Image courtesy of © Dave Kallmann / Milwaukee Journal Sentinel / USA TODAY NETWORK via Imagn Images

The Milwaukee Brewers optioned five more players to Triple-A Nashville Monday, and reassigned two non-roster players to minor-league camp. Among the cuts were pitchers Grant Anderson, Grant Wolfram, Carlos Rodriguez, and Logan Henderson; catchers Jeferson Quero and Ramon Rodriguez; and outfielder Jared Oliva.

Brewers Cuts.jpg

(image courtesy: Brewers PR)

Those transactions leave 45 players in big-league camp, including 22 pitchers. None of these moves comes as a shock. Henderson and Carlos Rodriguez were clearly ticketed for the Nashville rotation all along, and both Anderson and Wolfram came to camp as optionable arms whom the team knew would likely need some time to make the adjustments they wanted to emphasize with them.

Wolfram, 28, is a towering lefty who throws in the mid-90s, but he and the team are in the process of tweaking his arsenal.

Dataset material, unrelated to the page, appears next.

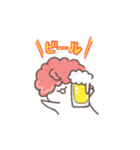 モコモコ頭のmocomoco。（個別スタンプ：10）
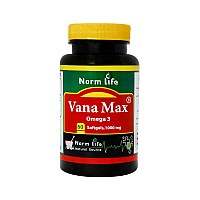 سافت ژل امگا ۳ وانا مکس نورم لایف ۶۰ عدد |  حفظ سلامت عمومی بدن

"It was my two-seam fastball they wanted me to work on," Wolfram said Wednesday in the clubhouse in Maryvale. "Add a sinker. That was something they recognized, that they think I was under-utilizing. So start to throw that a little bit more, Get comfortable throwing that a little bit more consistently. And then my curveball, too. Just add that in the mix a little bit more, and that should help my two main pitches, my four-seam and my slider. Just throwing those two pitches and refining those a little bit more, and they think that’ll help me out a lot."

As Wolfram rightly said, he's worked primarily with the four-seamer and the slider, but the team has a vision of a different, more expansive arsenal for him—in keeping with their general pattern, which is to help newcoming relief options find more ways to get out hitters regardless of handedness. Sure enough, in Wolfram's rough outing Sunday in Surprise against the Royals, he was working on the things they want to see him do more often.

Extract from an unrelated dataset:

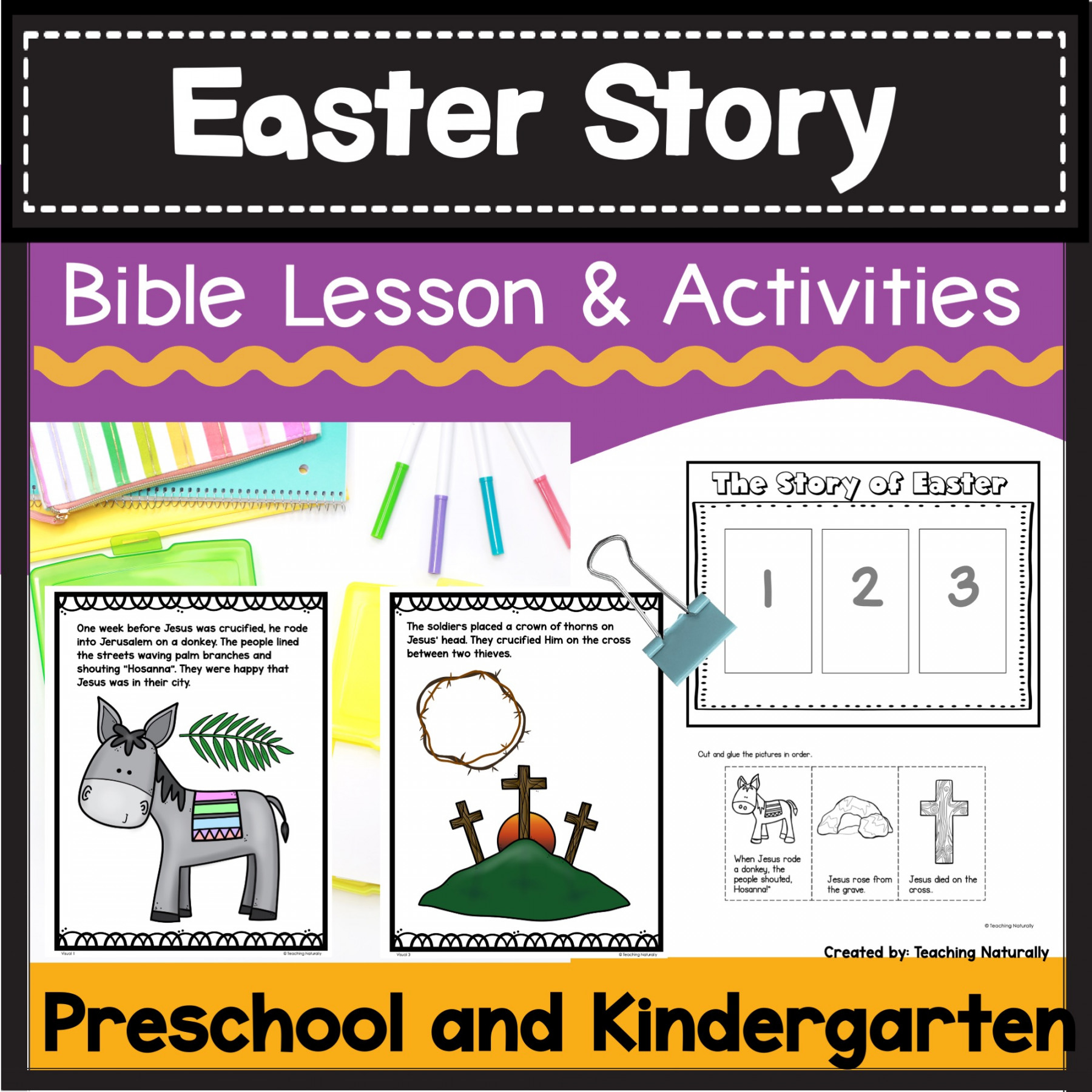 Easter Bible Lesson and Activities for Preschool & Kindergarten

Screenshot 2025-03-10 111627.png

The orange dots there are sinkers; he drilled on that offering even as the Royals made some hard contact against it. The blue dots down at the bottom of the image are curves. Wolfram has had a positive attitude and easy smile throughout camp, and diligently worked on what the team explained would give him the greatest chance for big-league success—even though everyone understood that the opportunity would have to wait until later in the season.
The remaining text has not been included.